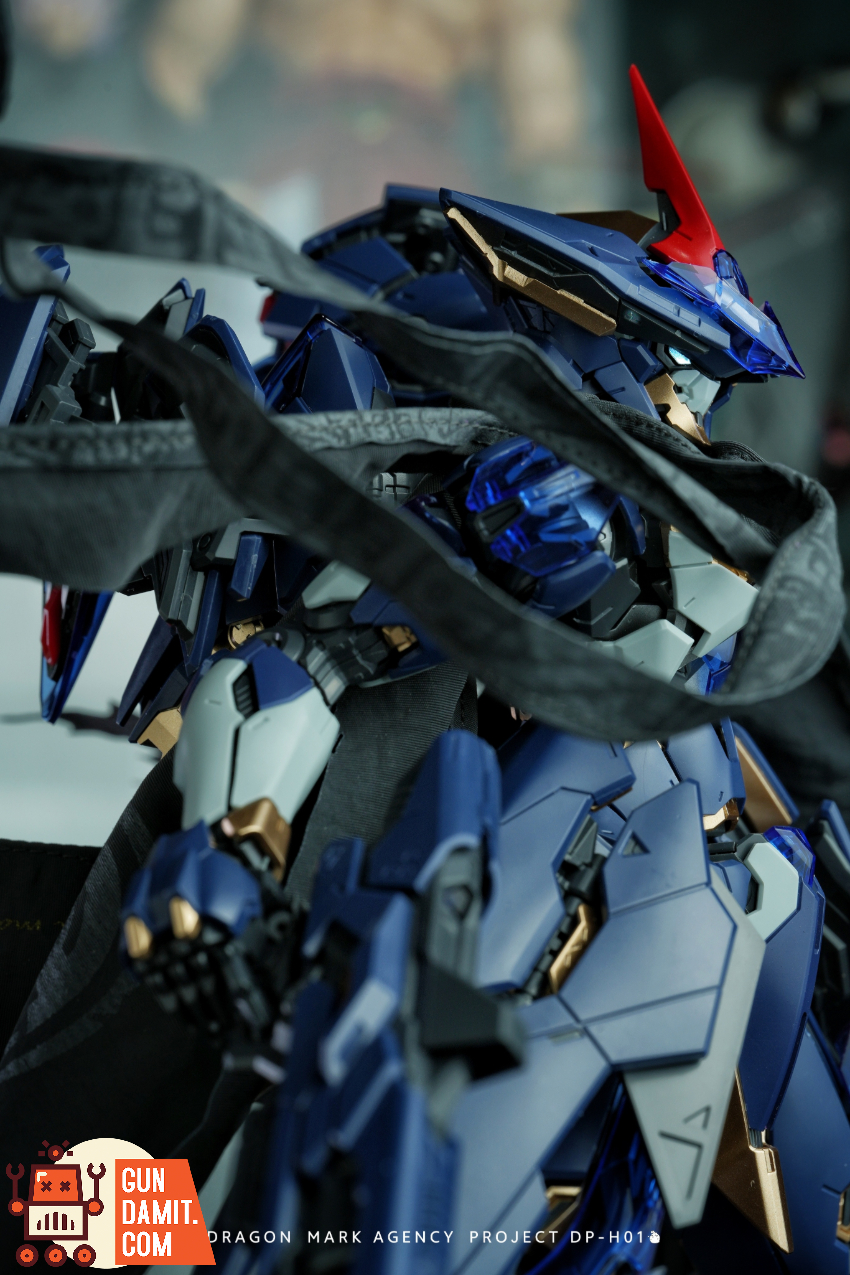 XiaoT 1/100 DP-H01 Dragon Mark Agency Ling Yao Exclusive Tactical Cape Accessory Shadow Courier - View 4 XiaoT 1/100 DP-H01 Dragon Mark Agency Ling Yao Exclusive Tactical Cape Accessory Shadow Courier - View 4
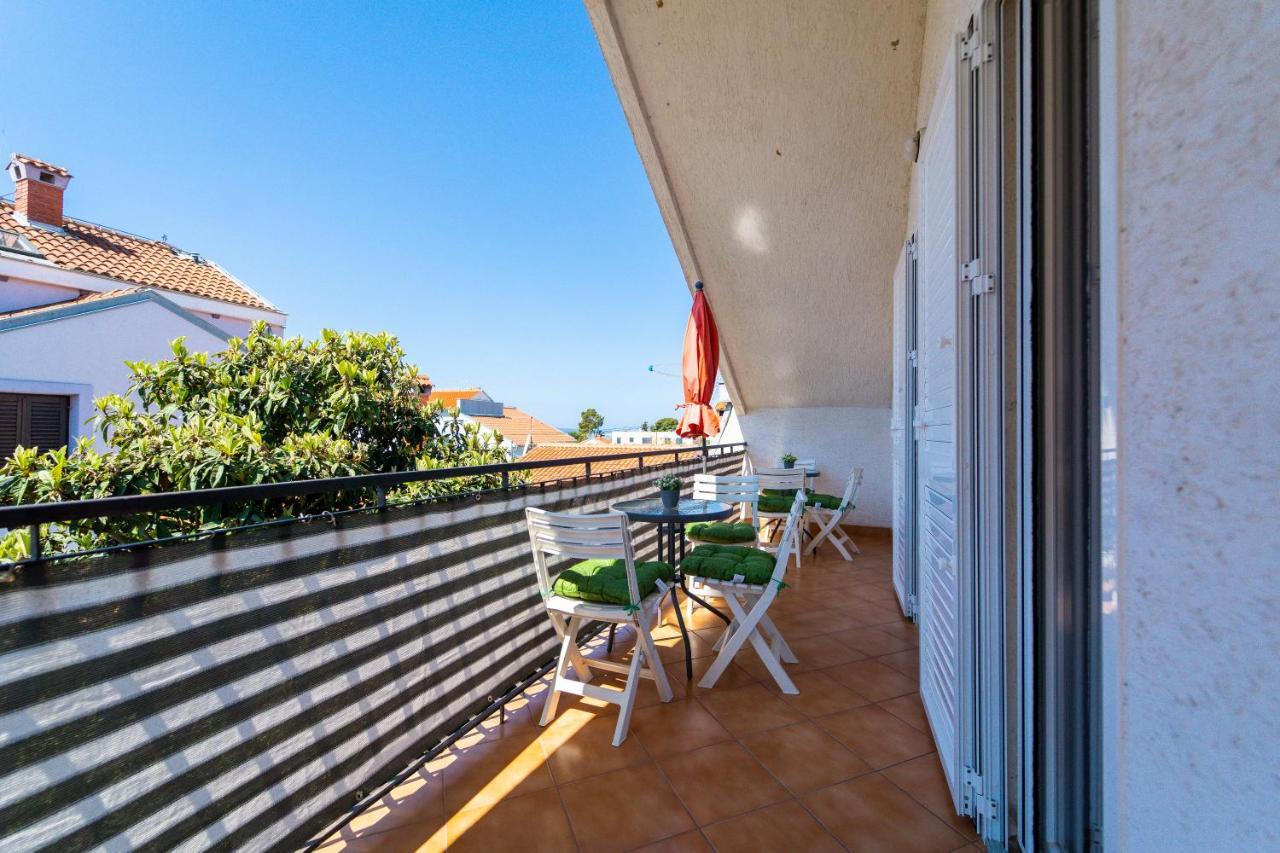Apartment Nada Petrcane Luaran gambar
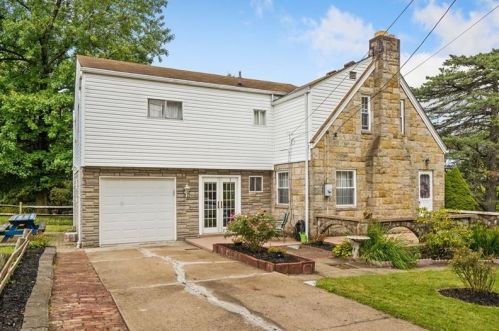 1022 Fidelity Dr, Pittsburgh, PA 15236-1317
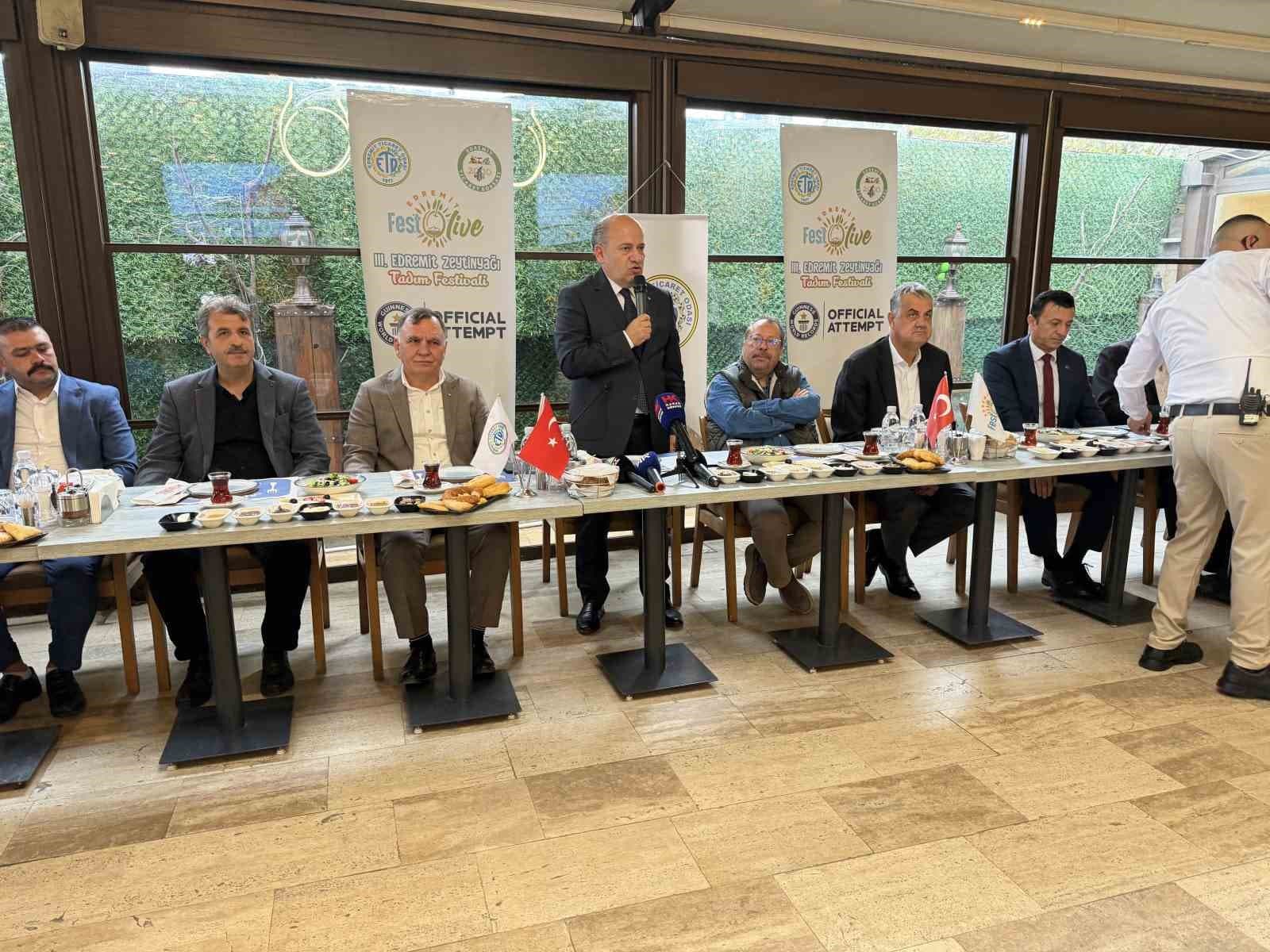 Edremit, 13 Bin Kişilik Zeytinyağı Tadımıyla Guinness Rekoru Hedefliyor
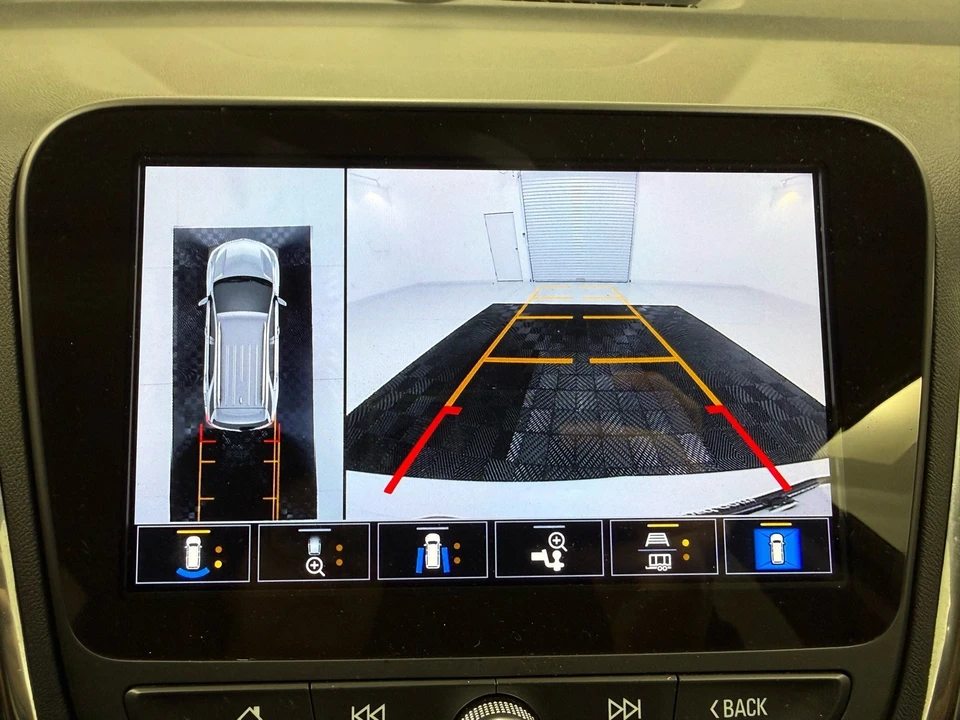 2022 Chevrolet Equinox - Image 12 of 21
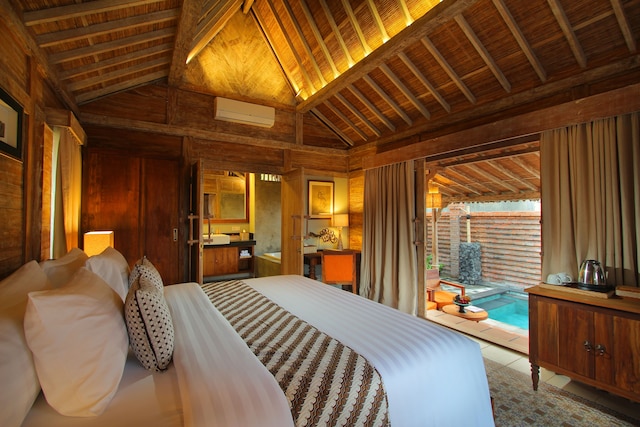 スアルティ ブティック ビレッジ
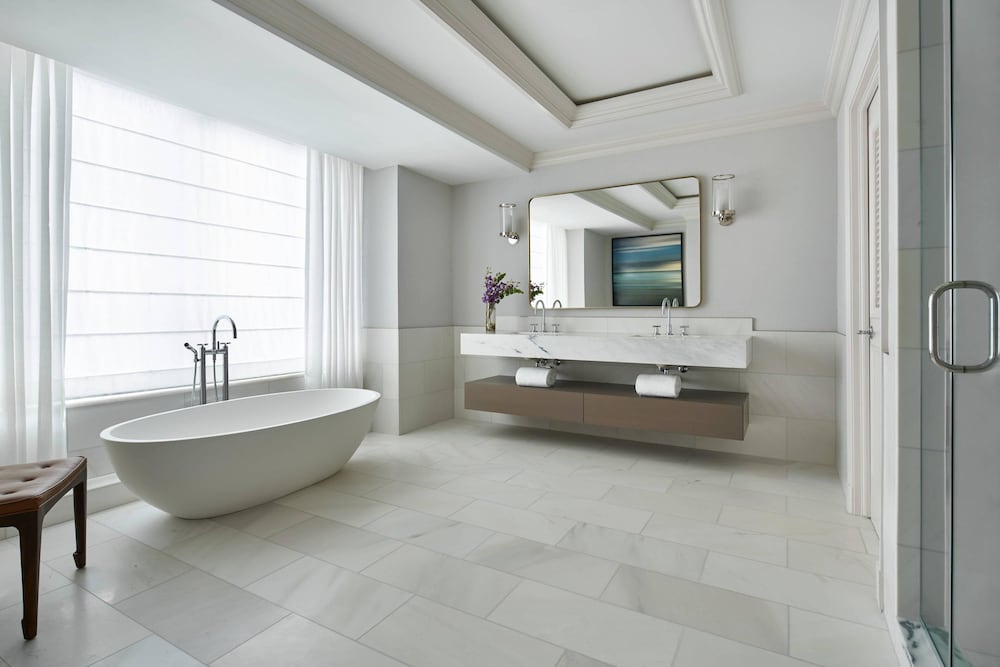 Suite, 1 Bedroom, Balcony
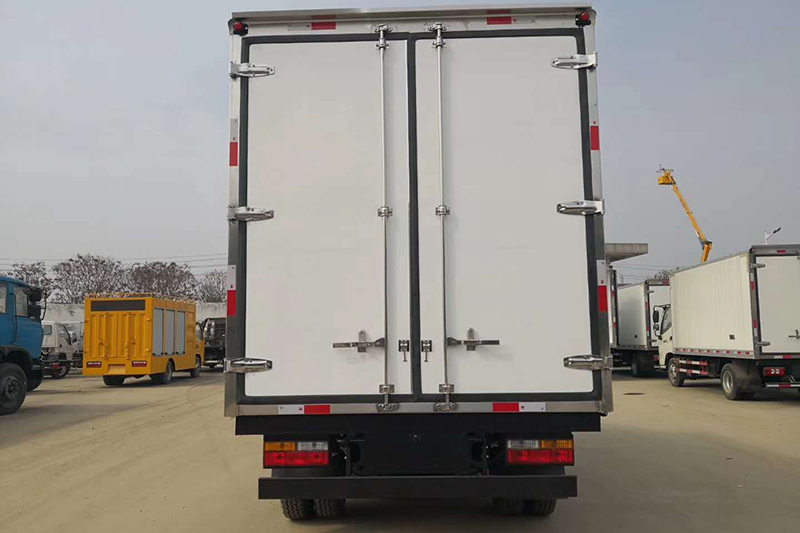 大运单排冷藏车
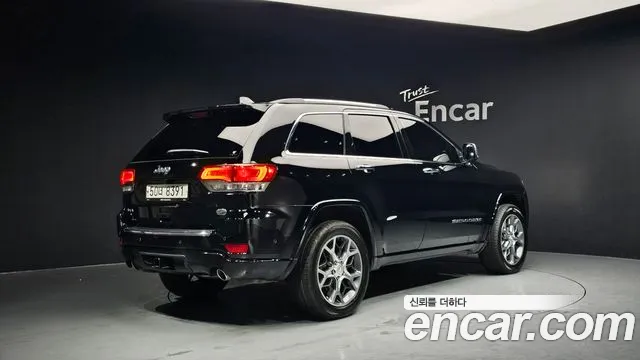 Jeep Cherokee 2019 — фото 2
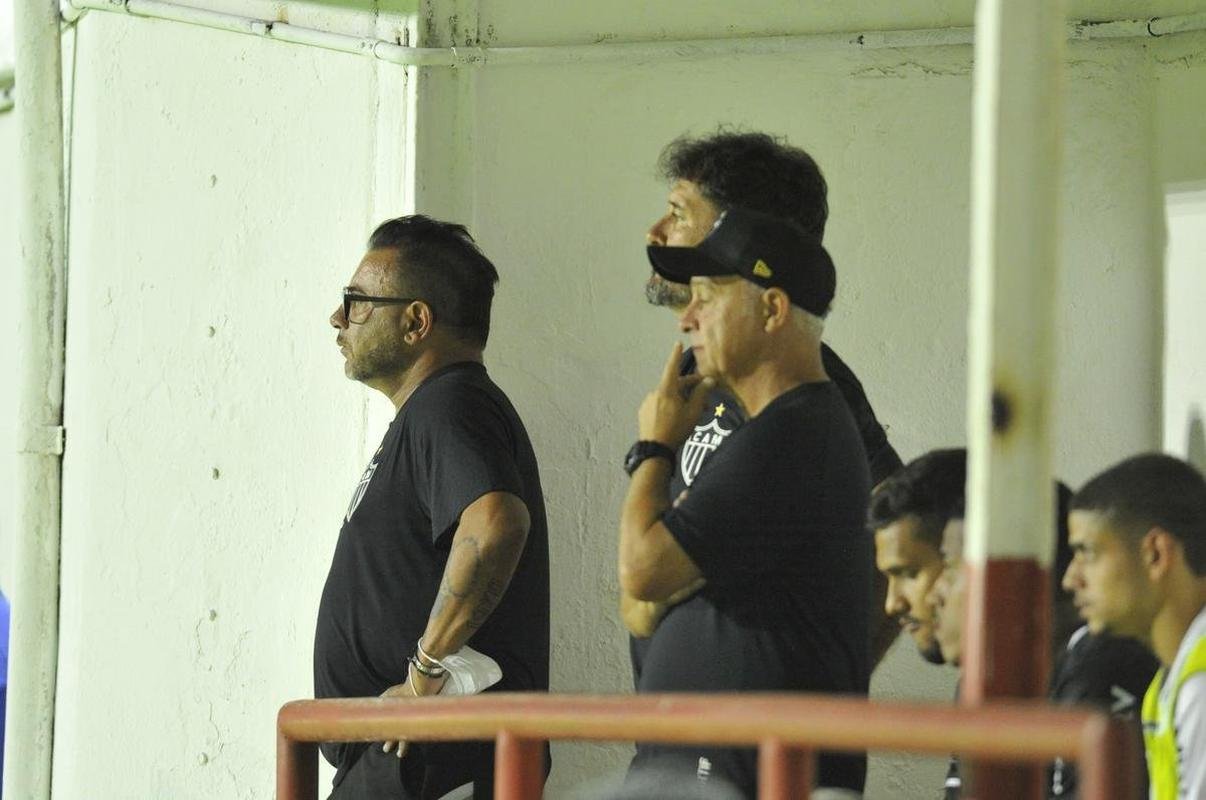 O Atltico estreou na temporada 2022 nesta quarta-feira (26), diante do Villa Nova, pela 1 rodada do Campeonato Mineiro. A partida disputada no Estdio Castor Cifuentes, em Nova Lima, tambm marcou o primeiro jogo do treinador argentino Antonio 'El Turco' Mohamed sob o comando do Galo.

**PROBLEM REQUIREMENTS**.
Down to the last line, reproduce the material above exactly; skip its images.

**EXERCISE RESULT**.
 XiaoT 1/100 DP-H01 Dragon Mark Agency Ling Yao Exclusive Tactical Cape Accessory Shadow Courier - View 4 XiaoT 1/100 DP-H01 Dragon Mark Agency Ling Yao Exclusive Tactical Cape Accessory Shadow Courier - View 4
Apartment Nada Petrcane Luaran gambar
 1022 Fidelity Dr, Pittsburgh, PA 15236-1317
 Edremit, 13 Bin Kişilik Zeytinyağı Tadımıyla Guinness Rekoru Hedefliyor
 2022 Chevrolet Equinox - Image 12 of 21
 スアルティ ブティック ビレッジ
 Suite, 1 Bedroom, Balcony
 大运单排冷藏车
 Jeep Cherokee 2019 — фото 2
 O Atltico estreou na temporada 2022 nesta quarta-feira (26), diante do Villa Nova, pela 1 rodada do Campeonato Mineiro. A partida disputada no Estdio Castor Cifuentes, em Nova Lima, tambm marcou o primeiro jogo do treinador argentino Antonio 'El Turco' Mohamed sob o comando do Galo.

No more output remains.